Given information —
====================

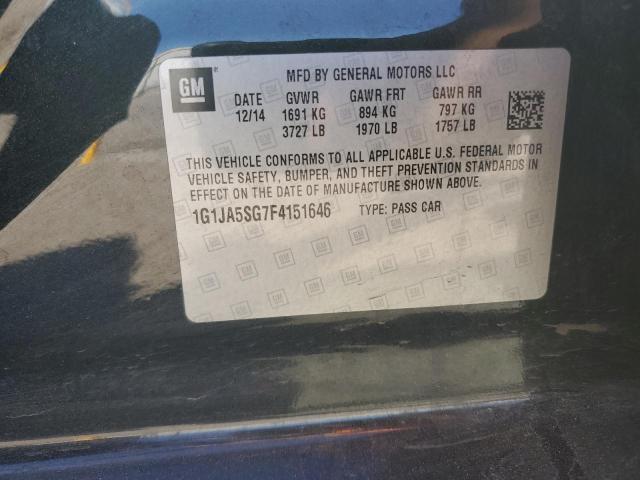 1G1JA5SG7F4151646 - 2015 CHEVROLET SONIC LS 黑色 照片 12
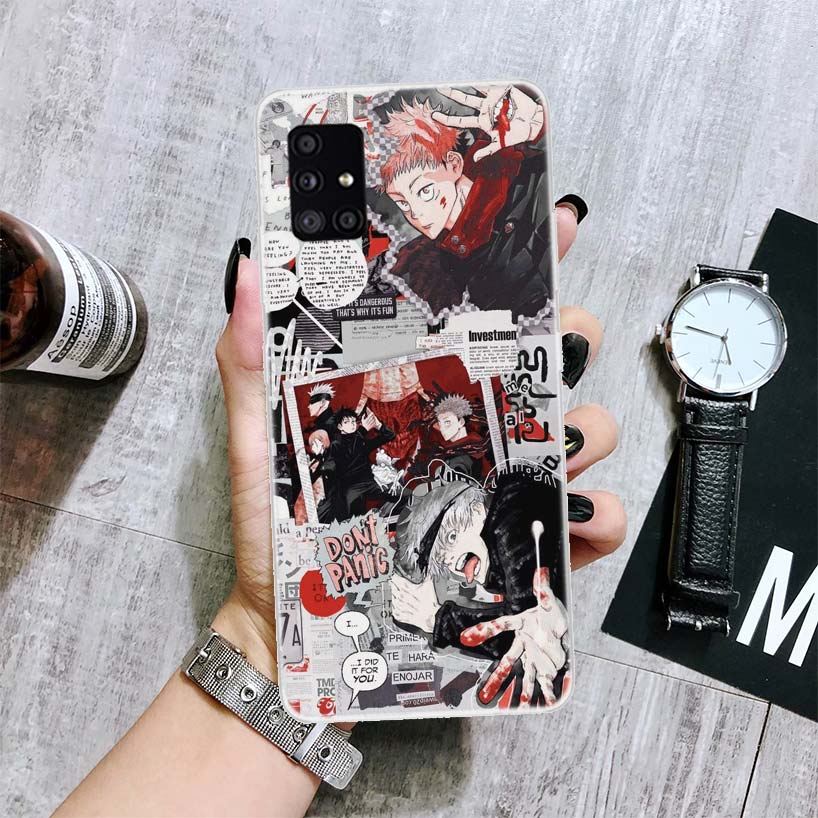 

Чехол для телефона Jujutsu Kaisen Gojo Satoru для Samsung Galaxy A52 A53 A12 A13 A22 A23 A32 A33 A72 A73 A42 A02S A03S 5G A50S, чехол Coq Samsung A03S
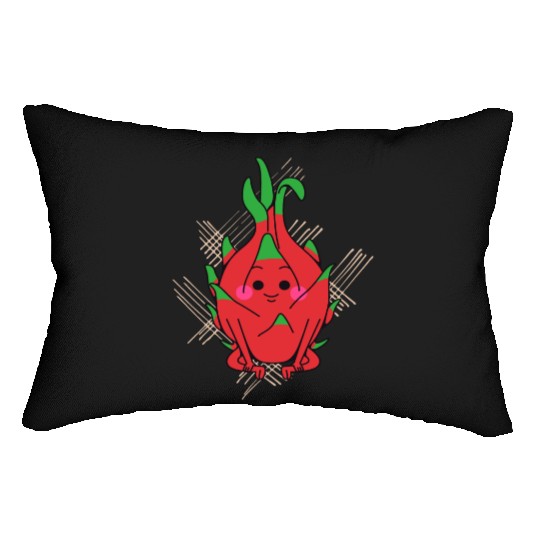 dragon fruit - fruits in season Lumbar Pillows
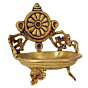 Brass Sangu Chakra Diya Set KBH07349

====================

Required work —
Please give every line above again word for word, apart from the pictures.

Result of the exercise —
 1G1JA5SG7F4151646 - 2015 CHEVROLET SONIC LS 黑色 照片 12

Чехол для телефона Jujutsu Kaisen Gojo Satoru для Samsung Galaxy A52 A53 A12 A13 A22 A23 A32 A33 A72 A73 A42 A02S A03S 5G A50S, чехол Coq Samsung A03S
 dragon fruit - fruits in season Lumbar Pillows
 Brass Sangu Chakra Diya Set KBH07349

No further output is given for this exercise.